-- Recorded information --
<<<<

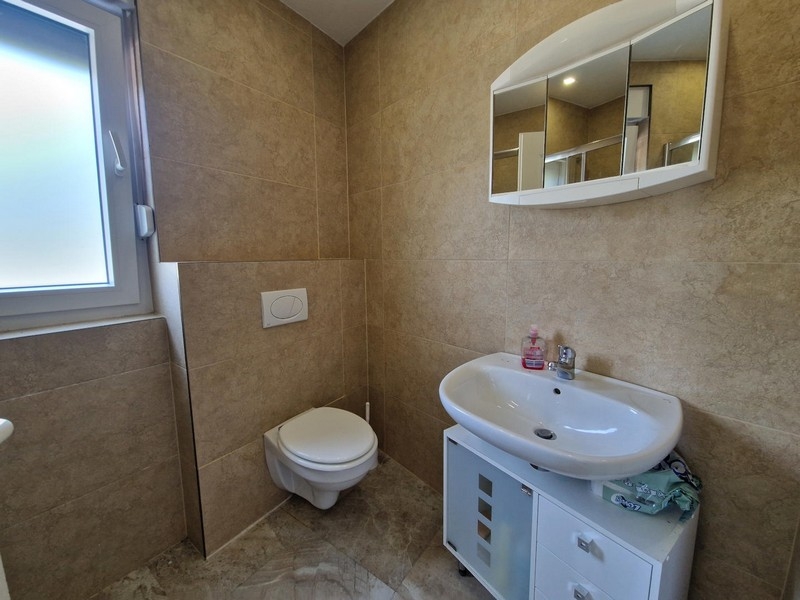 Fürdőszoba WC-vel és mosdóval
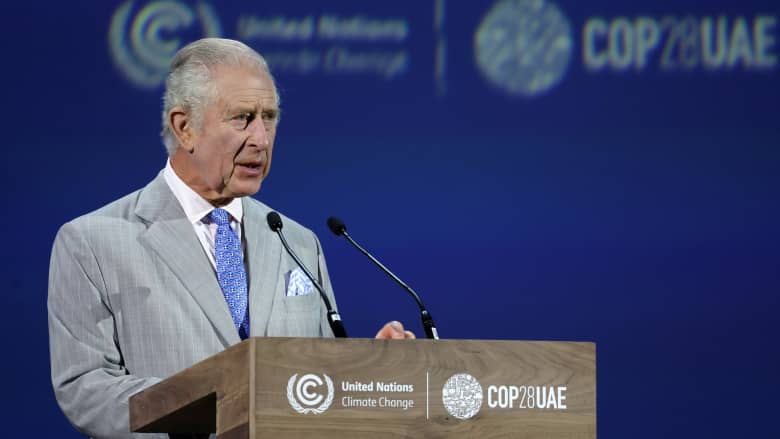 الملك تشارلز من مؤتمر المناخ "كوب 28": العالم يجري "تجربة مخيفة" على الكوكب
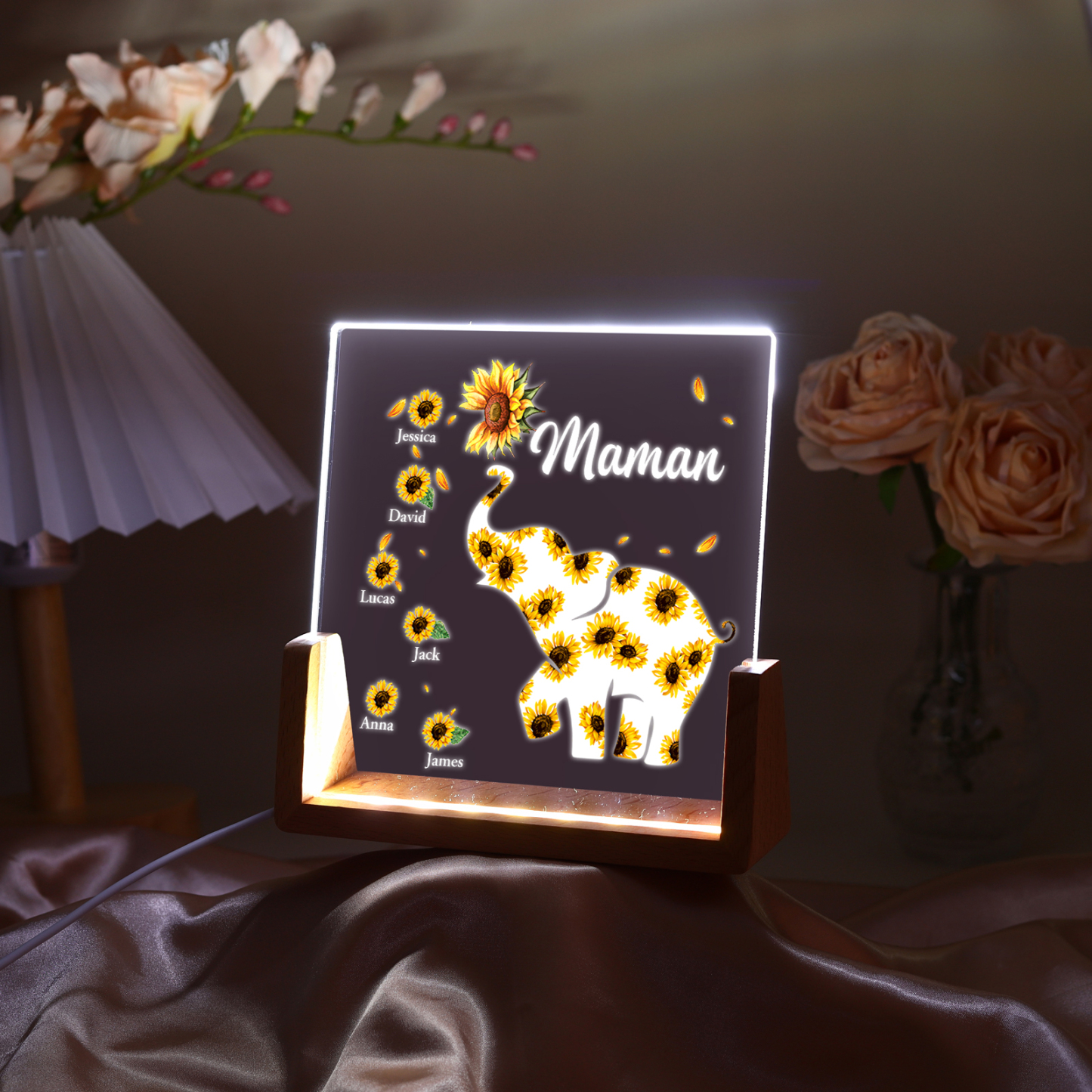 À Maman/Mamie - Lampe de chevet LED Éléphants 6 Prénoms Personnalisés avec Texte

>>>>

-- Task item --
Retype the material above exactly, images excluded.

-- Response box --
 Fürdőszoba WC-vel és mosdóval
 الملك تشارلز من مؤتمر المناخ "كوب 28": العالم يجري "تجربة مخيفة" على الكوكب
 À Maman/Mamie - Lampe de chevet LED Éléphants 6 Prénoms Personnalisés avec Texte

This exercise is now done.